Pour sa nouvelle exposition, David Renaud, dont le travail questionne la perception de la géographie et de ses représentations multiples (peintures, cartes, reliefs), s’interroge aujourd’hui sur le potentiel des panoramas fictifs. C’est en focalisant sur la science fiction, culture éminemment figurative, qu’il tente de cartographier l’inconnu.
Il y a d’abord le dessin, la représentation à plat des paysages. Négative Day On Mercury, diurne aride et constellé. One Night On Earth, évocation du froid spatial. Les perspectives astrales s’étirent d’un panneau à l’autre provoquant un effet hypnotique : au sol, les strates s’empilent en palier. Elles se superposent, soulignent un mouvement, une fuite. Quelque chose est à gravir ou à traverser. Le regard s’achemine sans se fixer. Les yeux s’élèvent sur une pluie astrale, canalisés par la luminosité stratifiée d’auréoles d’étoiles. L’esprit se perd au-delà de l’image, dans l’introspectif, pour figurer lui-même comme une réalité optique, un tracé, un pli. Un territoire mental. C’est peut être cet endroit présenté comme un dédale Borgésien, qu’on nous donne à explorer.

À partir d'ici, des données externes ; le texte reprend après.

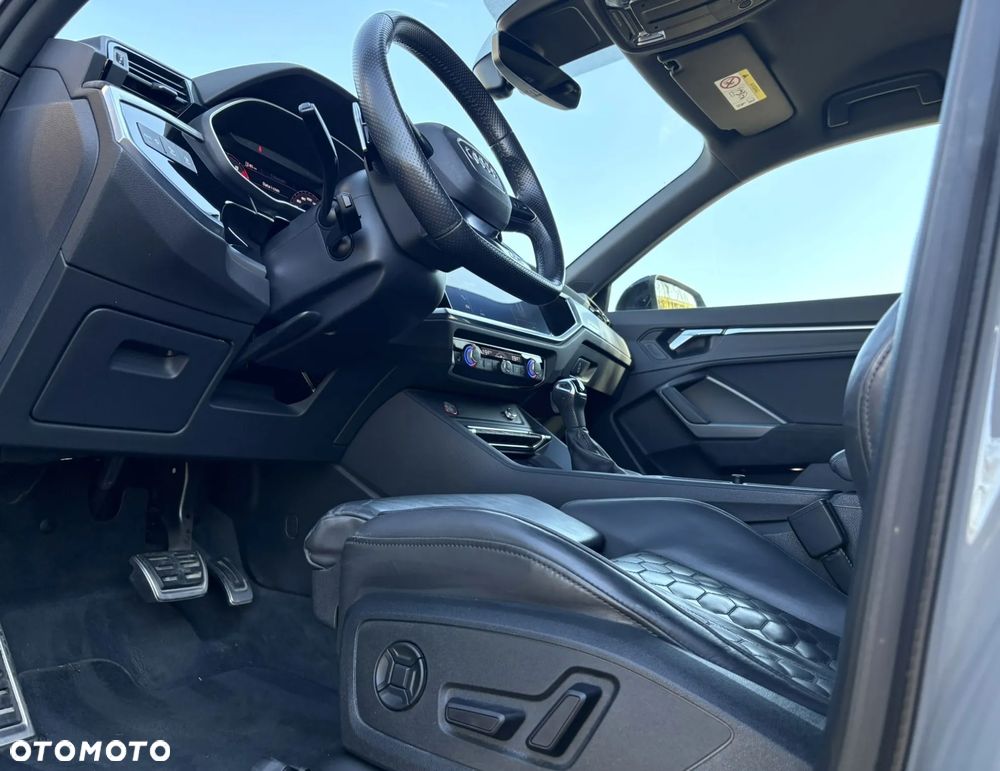 Audi RS Q3 2.5 TFSI quattro S tronic - 10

Et puis, il y a le volume, la représentation en trois dimensions. C’est en organisant un dispositif « architectone » à la Malevitch que David Renaud poursuit son questionnement. Au centre de l’agencement, s’élèvent deux édifices monolithiques. Deux longs traits qui incitent à l’élévation, à la transcendance. Des tours apparemment impénétrables puisque sans ouverture. Et pourtant, les socles des constructions arborent des sillons, des rayures qui ressortent en creux. Une progression en strie, en angles droits qui révèle une possibilité de s’introduire, d’accéder à l’intérieur, au fondamental. Comme pour les deux panneaux, Négative Day On Mercury et One Night On Earth,c’est encore la ligne qui nous conduit en dedans. La ligne comme vecteur, la géométrie comme seule illustration de la raison. C’est paradoxalement l’aspect déshumanisé des tours, dont on ne sait si on y vit et dans quelle mesure on y existe, qui précise la singularité de l’humain et de son esprit devenu autonome, dégagé du corps qui le maintient. L’homme imagine, trace, dessine son environnement idéal. Il n’a plus à se représenter lui-même puisqu’il est devenu cet environnement, hors de son enveloppe physique, au-delà de ses limites corporelles.
Influencé par une science fiction post conquête spatiale, qui tend à accorder immensité cosmique et conscience humaine, David Renaud s’interroge sur la valeur de cette utopie. En essayant de cartographier un périmètre infini, au delà de la ligne et après le tracé, c’est la notion même de frontière qu’il questionne.